Layla Drury

Personal information
- Full name: Layla Marie Drury
- Date of birth: 12 June 2009 (age 17)
- Place of birth: Wrexham, Wales
- Height: 1.83 m (6 ft 0 in)
- Position: Forward

Team information
- Current team: Manchester United
- Number: 27

Youth career
- FAW North Academy
- 2024–: Manchester United

Senior career*
- Years: Team / Apps / (Gls)
- 2025–: Manchester United / 5 / (0)

International career^{‡}
- 2023–2024: Wales U15
- 2024–2025: Wales U17 / 11 / (4)
- 2026–: England U20 / 2 / (0)
- 2026–: England U19 / 2 / (1)

= Layla Drury =

English footballer (born 2009)

Layla Marie Drury (born 12 June 2009) is a professional footballer who plays as a forward for Women's Super League club Manchester United. Born in Wales, she plays for the England under-20 national team.

In January 2026, she became the youngest player and goalscorer in Manchester United's history, surpassing records previously held by Lauren James.

==Early life==
Drury was born in Wrexham, Wales.

== Youth career ==
Drury joined the Manchester United academy in November 2024. After just over a year of training with the under-16 and under-21 squads, she was promoted to the senior team by head coach Marc Skinner in December 2025.

==Club career==

=== Manchester United, 2025– ===
Drury made her senior professional debut in a Women's FA Cup fourth round match against Burnley on 18 January 2026. Entering as a 66th-minute substitute, she scored the final goal in a 5–0 victory. At 16 years and 220 days old, she became the youngest player to represent Manchester United Women and the club's youngest-ever goalscorer across all senior competitive formats. She made her Women's Super League debut on 25 January 2026, in a 4–1 win against Aston Villa.

On 3 July 2026, Manchester United announced that Drury had signed her first professional contract with the side, keeping the forward at the club until 2029.

==International career==
Drury is a dual-national, eligible to represent both Wales and England. She began her international career with Wales and represented them up to under-17 level. She joined the Wales under-19 squad as a training player in October 2025.

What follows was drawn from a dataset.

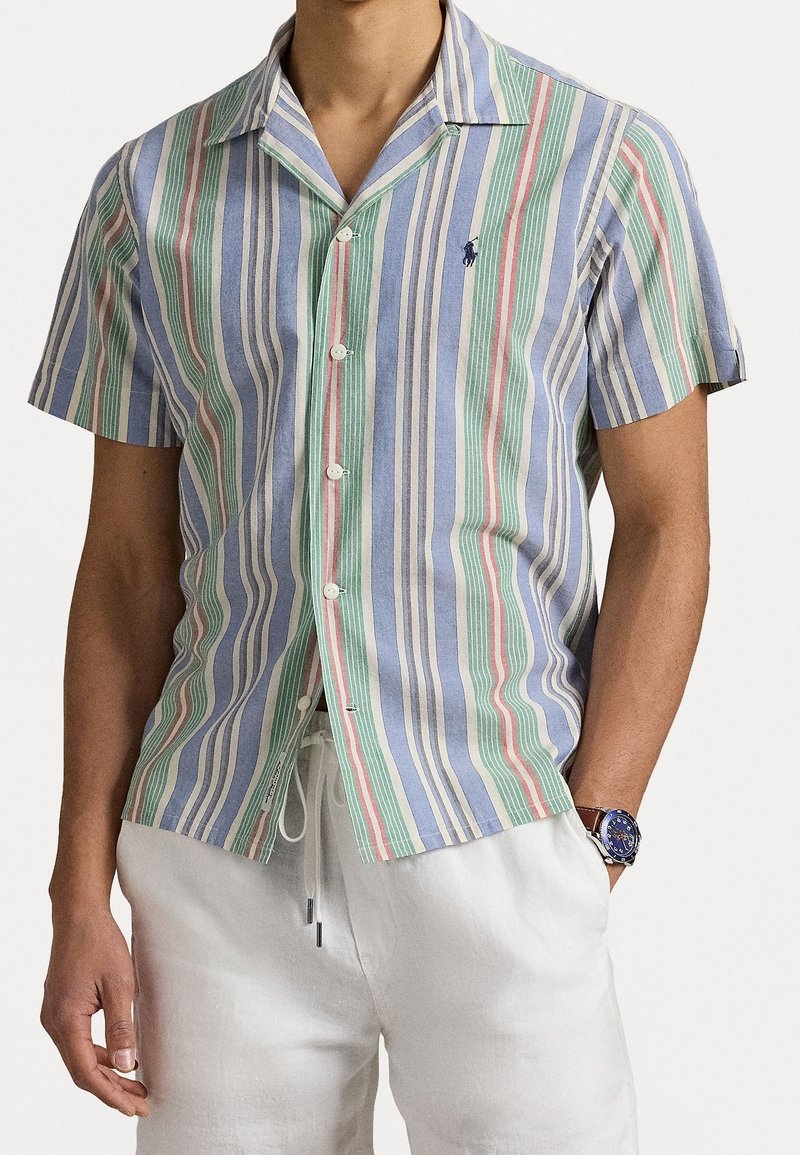 Košile na knoflíky s krátkým rukávem, světle modrá se zelenými, červenými a bílými pruhy; má kempový límec a malou nášivku na levé straně hrudníku.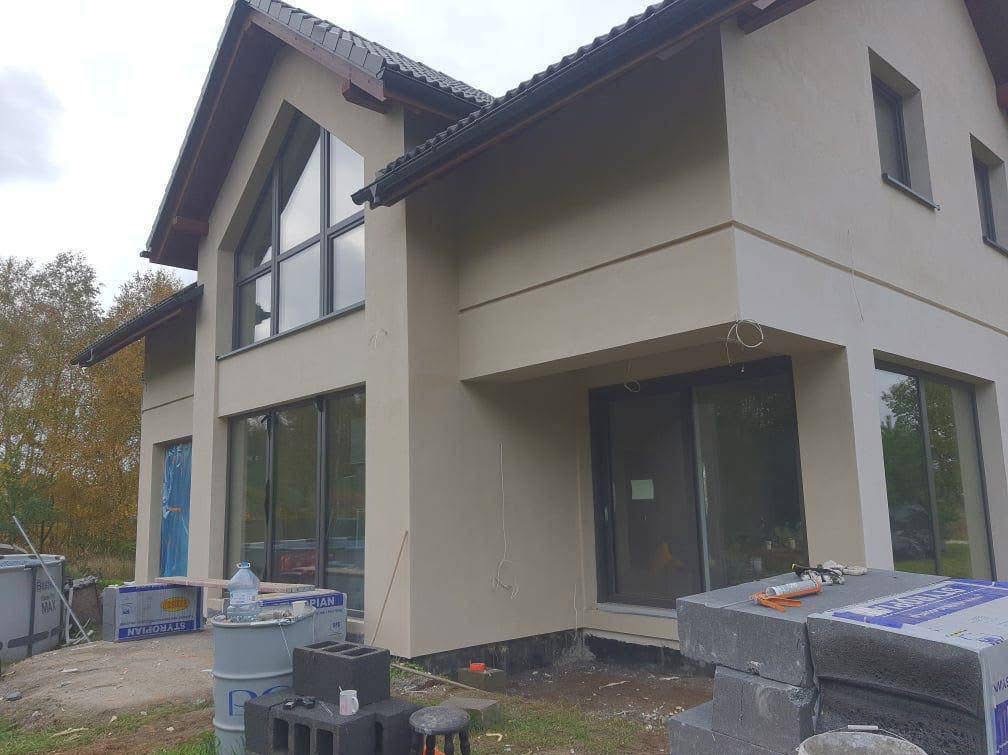 Dwukondygnacyjny dom jednorodzinny z jasną elewacją w trakcie prac wykończeniowych, widoczne materiały budowlane i narzędzia na placu budowy.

On 18 February 2026, Drury was called up to the England under-20 squad for a series of international friendlies in Spain. On 19 February 2026, her request to switch allegiance to England was approved by FIFA. She made her debut on 28 February 2026 as a substitute in an international friendly against Spain in Alicante, and later made her first start in a win against the Netherlands. In April 2026, she was called up to England's under-19 squad for 2026 Under-19 Euro qualification matches.

==Style of play==
The tallest player in Manchester United Women's squad, head coach Marc Skinner has highlighted Drury's "speed of thought", "speed of movement" and "the way she invades [space]".